Onarga is a small town, population 1350 in 2009, and so my plan, small-town upstate New Yorker that I am, was to just wander the cemetery looking for Mr. Janes. One look told me that wasn't going to work.
I pulled out my iPhone, found my reading glasses, and looked at the Find A Grave entry to see if there was a cemetery section listed. No luck, but there was a clue. I noticed a thin line of gravel at the top of the image. The stone had to be on the edge of one of the roads through the cemetery. I drove around carefully, getting out to check a few likely markers, but I found no match.
I made a quick trip into town to see if the library was open. It wasn't, so it was back to the cemetery for a second try. As I sat in the car, deciding how to cover the ground systematically so that I didn't miss anything, it came to me--RunKeeper, the app that I have on the third screen over on my phone for when I decide that I've had enough of the being lazy thing. I'd seen a Facebook post a while back about someone who uses the mapping feature to draw pictures and I realized that I could use it to record my path through the cemetery.
I drove the roads carefully with RunKeeper monitoring my every move. And at the end of 24 minutes, 8 seconds, I'd driven a mile, burned 137 theoretical calories, and still hadn't found the stone.

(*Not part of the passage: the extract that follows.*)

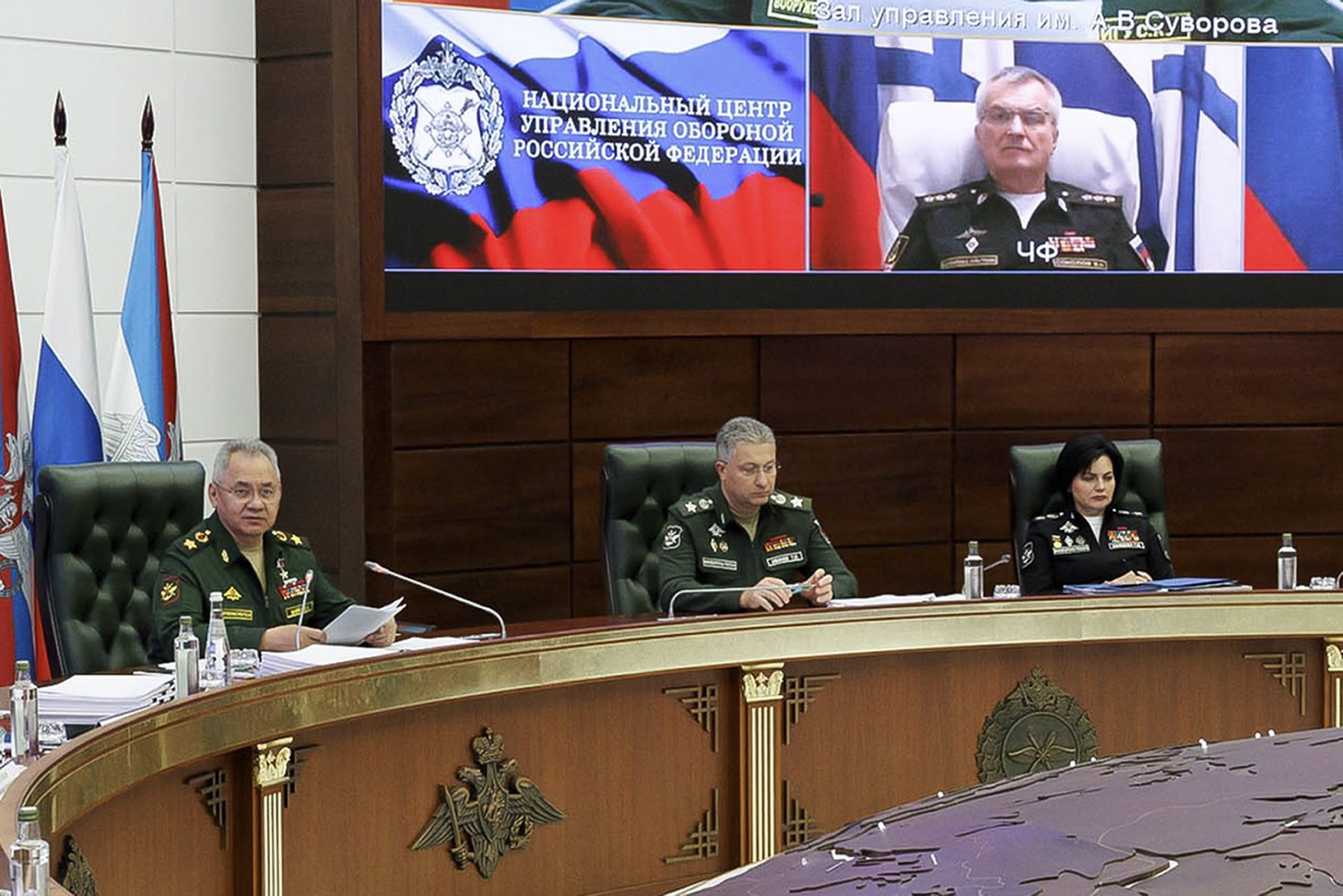 В тази снимка, разпространена от руското министерство на отбраната на 27 септември 2023 г. на монитора горе вдясно се вижда командващият руския Черноморски флот адмирал Виктор Соколов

I saved the "walk" so that I could view the resulting map and it was then that I noticed that the large new section in the back seemed to be connected by a single road. It wasn't the way that I remembered it and I wondered if I'd missed a few of the sections around the perimeter of the nine-square box. I drove down the far left road and as I came up on the corner, my eye easily rested on the right stone. In that moment, I remember saying to myself with a quiet sense of reverent respect: "Mr. Janes."
This cemetery trip was a pilgrimage of sorts. Mr. Janes passed along a fiddle tune to Illinois fiddler Mel Durham who passed it on to California fiddler David Bragger, my teacher, who passed it on to me. I was there to bring Mr. Janes' tune back to him--to close the circle--and I did just that. It was an experience to treasure made possible by--of all things--the RunKeeper app.